USAF spends on flexible microcircuits
 By Kevin Fogarty Special to Defense Systems
 The Air Force Office of Scientific Research at Wright-Patterson
Air Force Base, Ohio, has announced it is funding research on thin,
flexible transistors that could be developed into high-performance
optoelectronics for high-speed photography, high-performance antennae
that could be applied to the skin of aircraft and other innovative
uses.

The researchers, led by Zhenquing Ma and Max Lagally of the University of Wisconsin-Madison developed a technique to create
highly flexible semiconductors that are able to withstand impact and
severe vibration and run at 7 GHz, rather than the current standard,
0.5 GHz.

Part of the performance improvement comes from the tendency of silicon-based semiconductors to run faster after being stretched a technique
semiconductor manufacturers already use.

Rather than etching semiconductors into rigid substrates of insulated silicon
on which normal microchips are based the flexible versions are
built from a three-layer nanofabric of silicon and silicon-germanium, laid on a base of silicon dioxide.

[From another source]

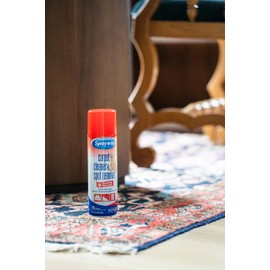 Sprayway Carpet Cleaner (Pet), 19oz, Pack of 6 | Removes Pet Stains & Odors, Foaming Action | Deep Cleans Carpets & Upholstery | Fresh Scent, Quick-Drying Formula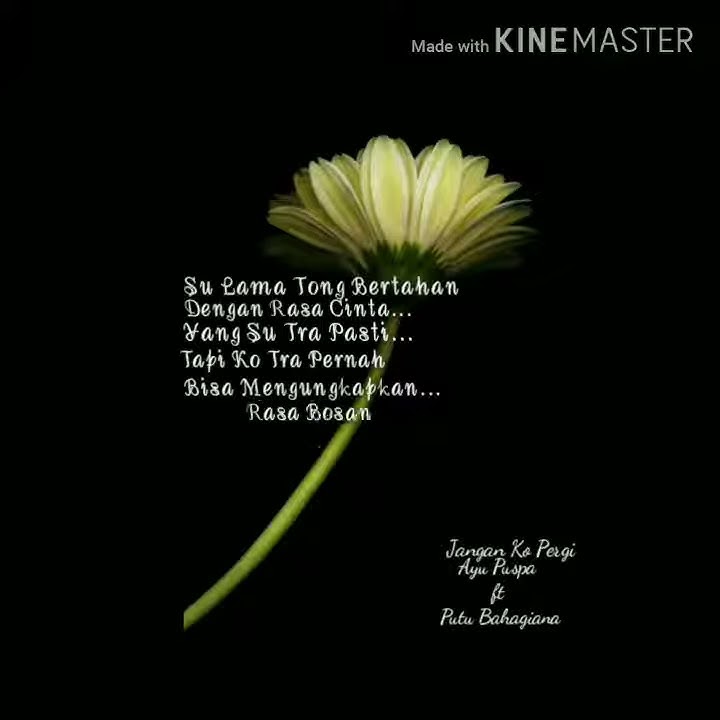 Status WA - SU LAMA TONG BERTAHAN... Putu Bahagiana ft Ayu Puspa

The chip is then dipped in an acid bath to dissolve the oxide and leave a molecules-thick nanomembrane that is stretchable, bendable and runs at much higher frequencies than it would have in a rigid structure. The team
needs to find a more economical way to produce and separate the flexible
membranes and produce chips larger than about a centimeter square.

Previous methods required researchers to manually create breaks in the
crystalline structure of the silicon that could act as spacers or hinges to
allow the chip to bend. That method is painstakingly slow, however.
The researchers envision low-power flexible electronics wrapped
around irregular-shaped objects to act as 360-degree antennae or sensors
for light and motion. A laser can read bent circuits more quickly
than flat versions, for example, by reaching all points on the circuits
curve from a single position,rather than having to scan the whole circuit
as is now common.

Because germanium reacts much more efficiently to light than regular
silicon, silicon-germanium chips have the potential to be two to three
times more sensitive in light-sensor and photography applications than
current chips.

Researchers at Stanford University, UCLA, the Energy Departments
Argonne National Laboratory and the University of Illinois at Urbana-
Champaign are working on similar approaches.